The US ambassador to Ireland, James Kenny, is to be invited to appear before an Oireachtas committee to answer allegations that the CIA has illegally transported prisoners through Shannon airport. Mark Hennessy, Political Correspondent, reports.
The Oireachtas Foreign Affairs Committee chairman, former cabinet minister and Fianna Fáil TD Michael Woods, will formally issue the invitation today to Mr Kenny.
The committee's move comes amid growing international concern over the process known as "rendition", following reports that the CIA has been operating secret prisons in Europe for terrorism suspects.
President George Bush said yesterday that the US did not secretly move terrorism suspects to foreign countries that used torture in order to get information.

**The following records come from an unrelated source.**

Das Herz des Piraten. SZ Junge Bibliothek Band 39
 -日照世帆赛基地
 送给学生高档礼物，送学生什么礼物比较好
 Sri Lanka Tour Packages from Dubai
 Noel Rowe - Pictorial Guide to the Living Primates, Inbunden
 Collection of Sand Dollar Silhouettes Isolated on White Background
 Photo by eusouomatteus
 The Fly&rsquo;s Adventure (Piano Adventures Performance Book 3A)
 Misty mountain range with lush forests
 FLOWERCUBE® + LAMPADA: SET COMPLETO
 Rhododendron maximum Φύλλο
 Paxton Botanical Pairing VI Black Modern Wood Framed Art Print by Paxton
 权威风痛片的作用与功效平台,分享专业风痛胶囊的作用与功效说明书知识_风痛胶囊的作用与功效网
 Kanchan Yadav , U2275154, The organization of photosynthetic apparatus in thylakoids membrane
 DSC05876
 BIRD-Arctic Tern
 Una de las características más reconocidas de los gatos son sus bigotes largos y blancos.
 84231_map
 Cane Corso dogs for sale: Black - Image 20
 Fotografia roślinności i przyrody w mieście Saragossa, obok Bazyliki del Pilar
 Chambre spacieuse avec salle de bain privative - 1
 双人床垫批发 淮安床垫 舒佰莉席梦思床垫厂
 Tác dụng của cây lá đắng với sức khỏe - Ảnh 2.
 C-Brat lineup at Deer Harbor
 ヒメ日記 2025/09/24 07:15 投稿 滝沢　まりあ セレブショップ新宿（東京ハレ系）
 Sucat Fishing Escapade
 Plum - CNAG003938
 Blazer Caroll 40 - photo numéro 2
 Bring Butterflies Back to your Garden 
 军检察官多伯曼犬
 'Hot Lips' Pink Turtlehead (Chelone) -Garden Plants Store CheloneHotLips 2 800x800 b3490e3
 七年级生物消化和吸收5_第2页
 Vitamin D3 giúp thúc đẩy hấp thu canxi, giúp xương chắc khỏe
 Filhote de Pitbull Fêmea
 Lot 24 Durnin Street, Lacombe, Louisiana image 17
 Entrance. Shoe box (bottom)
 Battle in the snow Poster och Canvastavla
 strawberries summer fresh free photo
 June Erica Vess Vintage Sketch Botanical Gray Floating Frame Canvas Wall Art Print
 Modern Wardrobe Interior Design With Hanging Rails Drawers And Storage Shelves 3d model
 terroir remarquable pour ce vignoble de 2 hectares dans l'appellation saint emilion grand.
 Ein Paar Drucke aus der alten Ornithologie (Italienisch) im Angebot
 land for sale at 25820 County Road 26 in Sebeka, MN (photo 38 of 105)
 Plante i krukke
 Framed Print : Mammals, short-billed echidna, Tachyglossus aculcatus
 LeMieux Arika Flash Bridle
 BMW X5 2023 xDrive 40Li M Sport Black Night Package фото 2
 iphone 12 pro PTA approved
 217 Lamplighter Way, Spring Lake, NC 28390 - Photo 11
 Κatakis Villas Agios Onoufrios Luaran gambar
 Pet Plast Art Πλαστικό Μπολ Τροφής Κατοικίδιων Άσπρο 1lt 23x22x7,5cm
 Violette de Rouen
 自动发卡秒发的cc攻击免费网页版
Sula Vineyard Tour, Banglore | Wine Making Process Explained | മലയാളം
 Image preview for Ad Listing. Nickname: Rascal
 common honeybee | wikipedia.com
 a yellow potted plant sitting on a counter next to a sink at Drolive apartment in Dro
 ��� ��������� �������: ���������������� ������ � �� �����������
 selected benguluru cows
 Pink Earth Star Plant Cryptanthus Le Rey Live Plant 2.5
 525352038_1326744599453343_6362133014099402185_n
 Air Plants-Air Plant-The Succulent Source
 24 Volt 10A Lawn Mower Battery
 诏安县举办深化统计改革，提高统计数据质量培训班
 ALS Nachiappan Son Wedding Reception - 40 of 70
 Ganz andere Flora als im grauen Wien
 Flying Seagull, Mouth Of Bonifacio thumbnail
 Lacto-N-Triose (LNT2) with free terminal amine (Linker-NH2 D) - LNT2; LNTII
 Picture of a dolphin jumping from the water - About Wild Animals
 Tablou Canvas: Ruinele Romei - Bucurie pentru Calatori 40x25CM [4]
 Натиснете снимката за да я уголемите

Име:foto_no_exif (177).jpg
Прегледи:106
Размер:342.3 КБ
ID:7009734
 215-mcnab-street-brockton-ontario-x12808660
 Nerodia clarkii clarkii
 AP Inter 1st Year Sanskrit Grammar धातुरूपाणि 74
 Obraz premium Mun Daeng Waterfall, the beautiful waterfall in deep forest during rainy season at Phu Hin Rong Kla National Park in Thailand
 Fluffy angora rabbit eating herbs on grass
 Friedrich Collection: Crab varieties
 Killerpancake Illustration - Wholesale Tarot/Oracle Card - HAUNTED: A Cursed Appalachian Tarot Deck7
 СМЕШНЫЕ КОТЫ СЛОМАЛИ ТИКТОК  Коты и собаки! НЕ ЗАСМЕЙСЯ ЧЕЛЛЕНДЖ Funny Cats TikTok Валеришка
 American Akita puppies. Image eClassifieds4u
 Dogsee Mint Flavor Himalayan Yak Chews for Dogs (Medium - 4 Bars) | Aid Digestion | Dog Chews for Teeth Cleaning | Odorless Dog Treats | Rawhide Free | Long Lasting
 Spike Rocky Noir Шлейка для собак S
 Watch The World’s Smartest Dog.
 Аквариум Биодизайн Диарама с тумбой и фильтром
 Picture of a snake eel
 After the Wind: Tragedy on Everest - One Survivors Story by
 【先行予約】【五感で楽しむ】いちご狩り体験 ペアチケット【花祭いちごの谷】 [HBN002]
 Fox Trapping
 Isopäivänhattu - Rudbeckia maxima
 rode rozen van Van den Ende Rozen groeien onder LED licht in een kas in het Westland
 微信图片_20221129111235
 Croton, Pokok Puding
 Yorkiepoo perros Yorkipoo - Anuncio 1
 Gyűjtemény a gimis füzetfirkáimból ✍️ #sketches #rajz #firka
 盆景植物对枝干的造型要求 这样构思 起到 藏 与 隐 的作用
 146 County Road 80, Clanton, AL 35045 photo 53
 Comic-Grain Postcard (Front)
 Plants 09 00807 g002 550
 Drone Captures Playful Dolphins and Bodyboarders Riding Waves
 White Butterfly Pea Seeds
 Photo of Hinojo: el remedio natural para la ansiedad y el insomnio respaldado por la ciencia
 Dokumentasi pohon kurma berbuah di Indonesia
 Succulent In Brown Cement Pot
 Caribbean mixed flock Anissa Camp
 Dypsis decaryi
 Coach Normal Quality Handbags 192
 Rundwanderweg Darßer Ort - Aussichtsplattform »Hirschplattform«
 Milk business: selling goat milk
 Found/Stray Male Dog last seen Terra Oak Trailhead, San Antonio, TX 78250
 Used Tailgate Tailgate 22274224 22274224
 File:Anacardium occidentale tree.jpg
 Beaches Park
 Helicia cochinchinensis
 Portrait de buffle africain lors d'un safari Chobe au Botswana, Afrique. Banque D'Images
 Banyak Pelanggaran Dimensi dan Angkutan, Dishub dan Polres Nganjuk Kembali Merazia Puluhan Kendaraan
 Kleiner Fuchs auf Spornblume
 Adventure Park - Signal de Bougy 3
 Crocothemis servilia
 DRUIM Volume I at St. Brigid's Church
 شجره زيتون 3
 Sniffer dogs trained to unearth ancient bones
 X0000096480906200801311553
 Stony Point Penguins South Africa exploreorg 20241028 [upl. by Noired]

"We do not render to countries that torture. That has been our policy and that policy will remain the same," Mr Bush told reporters.
US secretary of state Condoleezza Rice is currently on a visit to Europe where she is seeking to reassure allies about US handling of terrorism suspects.
In the Dáil yesterday, Taoiseach Bertie Ahern insisted that the Government "cannot and will not allow" CIA-controlled aircraft to land in the State if they are carrying prisoners. He said the Government has raised its concerns "at the highest levels" with the Bush administration in Washington.
"Ireland accepts the repeated assurances given by the government of the United States. The US authorities know the importance we attach to these assurances," he said.
"If the United States secretary of state, Condoleezza Rice, gives us assurances, I must accept them," Mr Ahern told Labour leader, Pat Rabbitte.
Under the 1944 Chicago Convention, states are entitled to search civilian aircraft at their airports, contrary to the points made by Minister for Justice, Equality and Law Reform Michael McDowell on Monday.
Last night, Prof William Schabas, director of the Irish Centre for Human Rights at the National University of Ireland, Galway, called on the Government to stop CIA flights landing in Shannon.
On Monday, he said, the US secretary of state had "strengthened the presumption that something funny is going on" when she acknowledged that "rendition" flights took place and that they had saved civilians from terrorist attacks.
The Government, he said, had a duty to guarantee that people are not transported through Shannon for torture elsewhere, or else "it has a duty to tell the Americans that they cannot land, and they should go somewhere else".
The US embassy in Dublin last night said it would seek "guidance from Washington" before a decision is made about whether ambassador Kenny appears before the Oireachtas committee. During a debate on the flights and the Iraqi war, Senator David Norris said Ireland shared many values with the US "but those values have been betrayed and traduced in the US".